Successful firms not only have an uncanny ability to move into attractive spaces, but also the discipline to protect these spots. As Porter has written, "The corporate strategist’s goal is to find a position in the industry where his or her company can best defend itself."9 Without an adequate defense, occupying a position does you little good. Movement for movement’s sake gets you anywhere. You have to move to a spot you can defend.
Winning is not about achieving one-time gains. It is too demanding and difficult for this. It also does not involve digging in and defending a position against all odds. A stagnant and defensive stance where your sole aim is to protect the spot you occupy also has its limits. After you have identified, occupied, and fortified a position, you must take full advantage of it. You have to really focus on it. Of course, that takes discipline, but it is about more than discipline. You have to reap all the benefits that the spot you occupy has to offer. Focus is the ability to extend the scope and breadth of a sweet spot and reap all the benefits it has to offer. Winning companies are uniquely focused in comparison to losers. Losers never seem to find something upon which to center their attention.
This book shows you that the way to be a big winner is to identify a sweet spot with value to customers that no one else exactly provides, to move into it (be agile), to protect it (be disciplined), and to extend it (be focused).
A firm must possess all these qualities. (See Figure 1.3.) It must be agile—not entirely bound by the past, but free to reinvent itself for an uncertain future by moving into new territory. It must have the discipline to cultivate the strengths and competencies it needs to protect the space it occupies. Also, it must have the focus to define and expand that space. To achieve sustained competitive advantage, you must be more than agile. You have to have momentum to keep moving, and you must defend where you are at. You also must be expansive and be able to deepen and expand the space you inhabit.
Figure 1.3 Big winners hit the mark.
To be a big winner, you must understand what you stand for; otherwise, you’ll fall for everything. Say yes to some possibilities and no to others. Winning firms do not deviate from what they do best. They choose an area where they have comparative advantage and stick to it. They take full advantage of it.
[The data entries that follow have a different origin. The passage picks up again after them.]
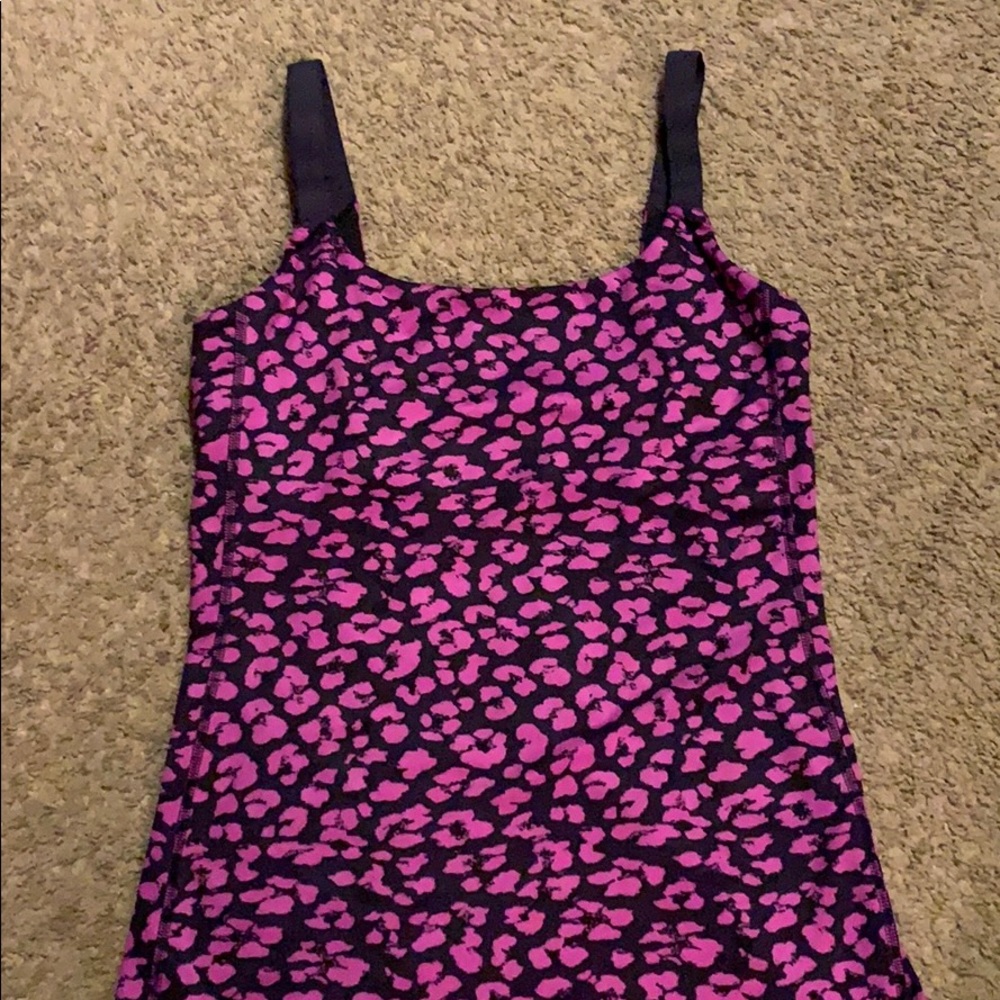 Lululemon top with built-in bra SZ 6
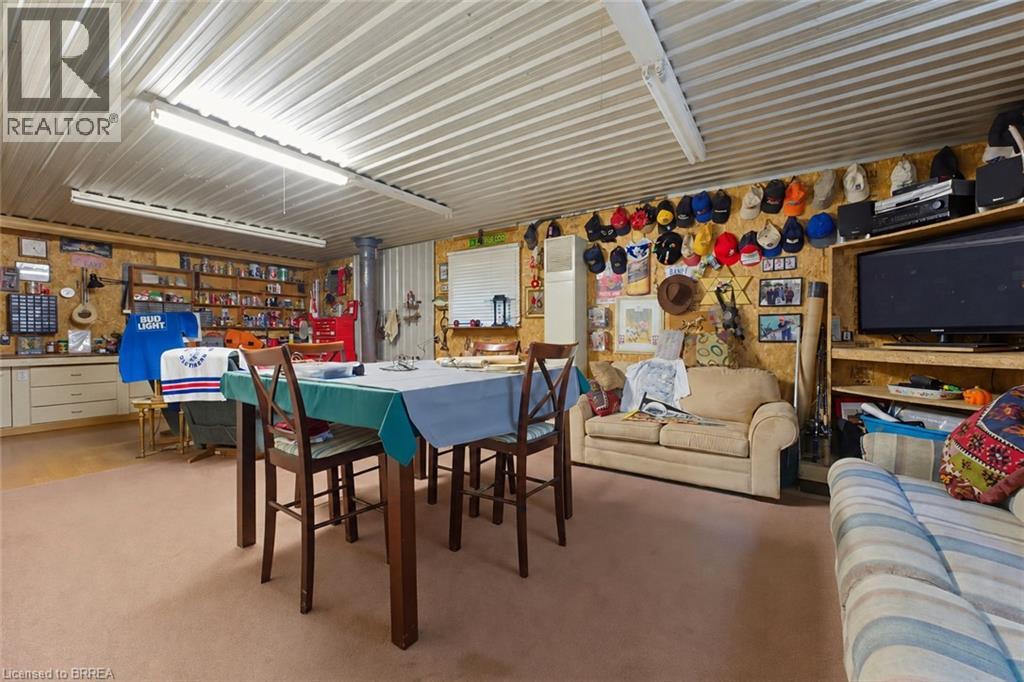 301 Governors Road E Property Photo 28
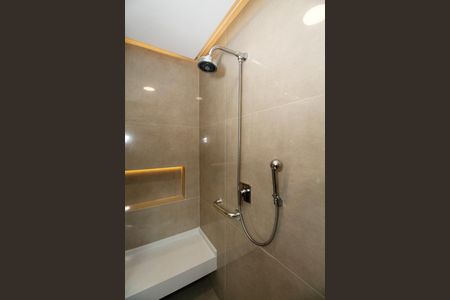 Apartamento à venda com 304m², 4 quartos e 3 vagasBanheiro da Suíte 1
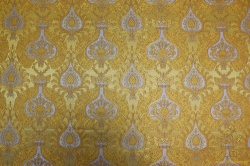 Парча КУПОЛА, желтая с бордо окантовкой, с золотом и серебром, шир. 150 см, Рахманово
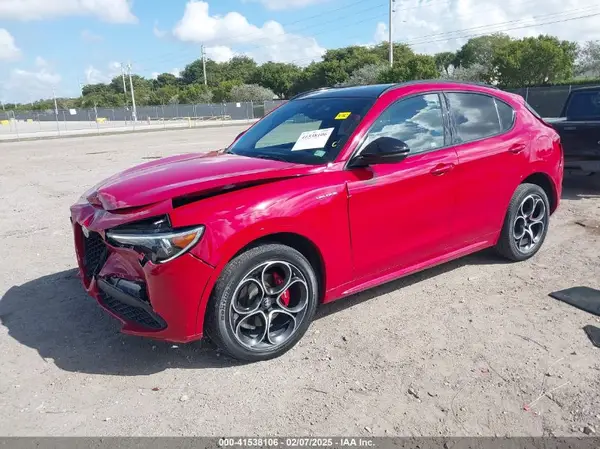 ZASPAKBN7N7D31857 2022 ALFA ROMEO STELVIO - Image 2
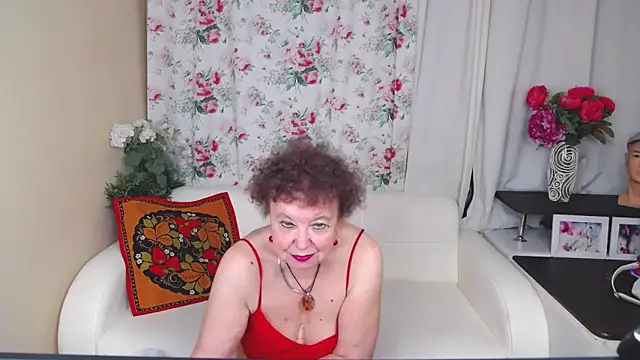 YourHotGranny online show from 06/12/26, 10:25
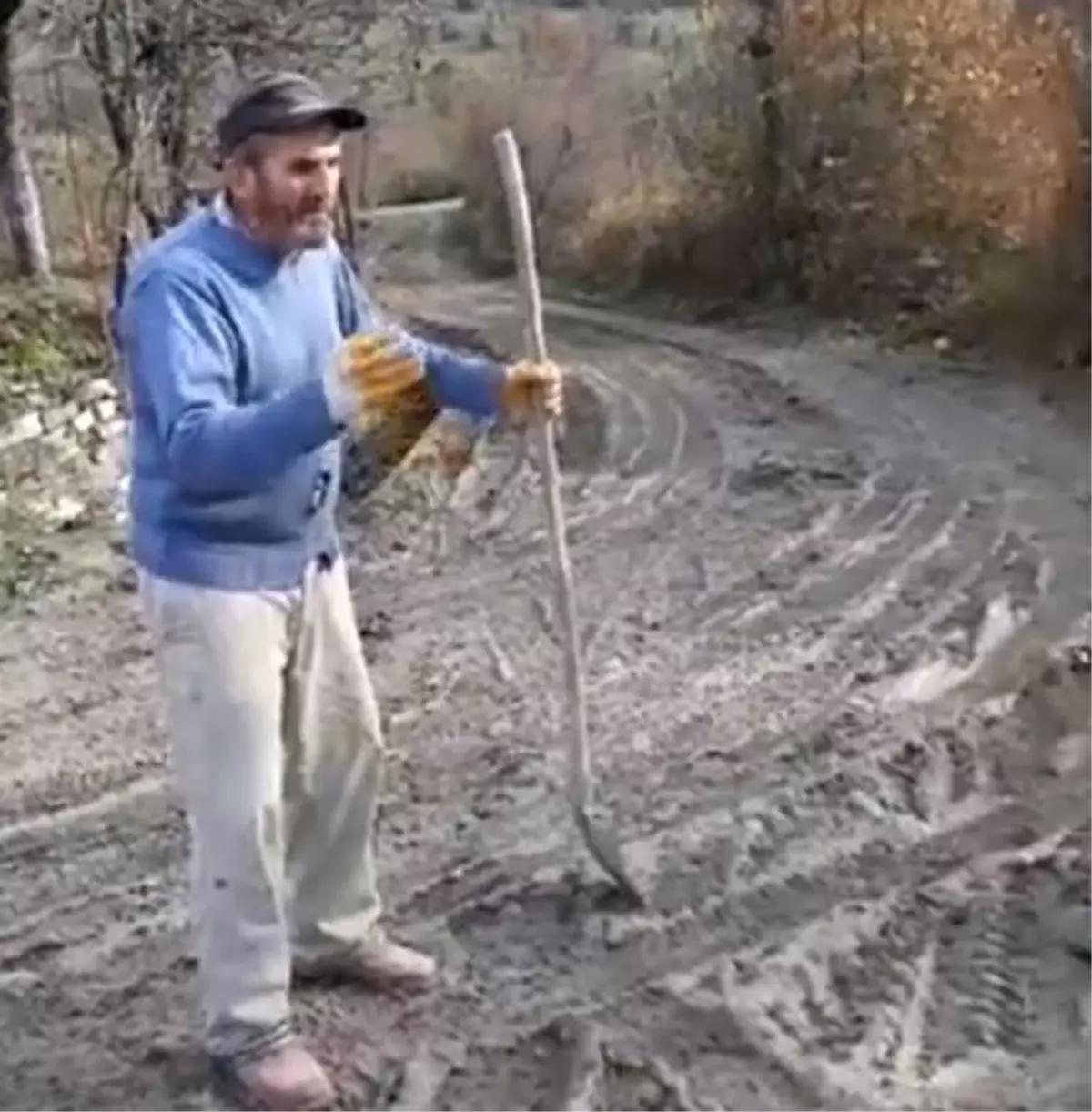 Çamur İçindeki Yol İçin Yetkililere Sosyal Medyadan Seslendi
They have the agility to find a sweet spot, the discipline to protect it, and the focus to exploit it. Losing firms have the opposite characteristics—rigidity that leaves them in a contested or "sour spot," ineptness, and diffuseness.
These traits are complicated to develop in a single company. They contradict one another. They must be woven into patterns that are hard to copy and especially valuable because they are complex and distinctive. The characteristic patterns of the winners and losers are explored in subsequent chapters. Appendix D, "Patterns of Winning and Losing Companies," is a summary of these distinctive patterns. This book will help you understand how your company measures up. What are its strengths and weaknesses? Is it in a sweet spot? Does it have agility, discipline, and focus? If it is in a sour spot and is rigid, inept, or diffuse, what can it do to improve?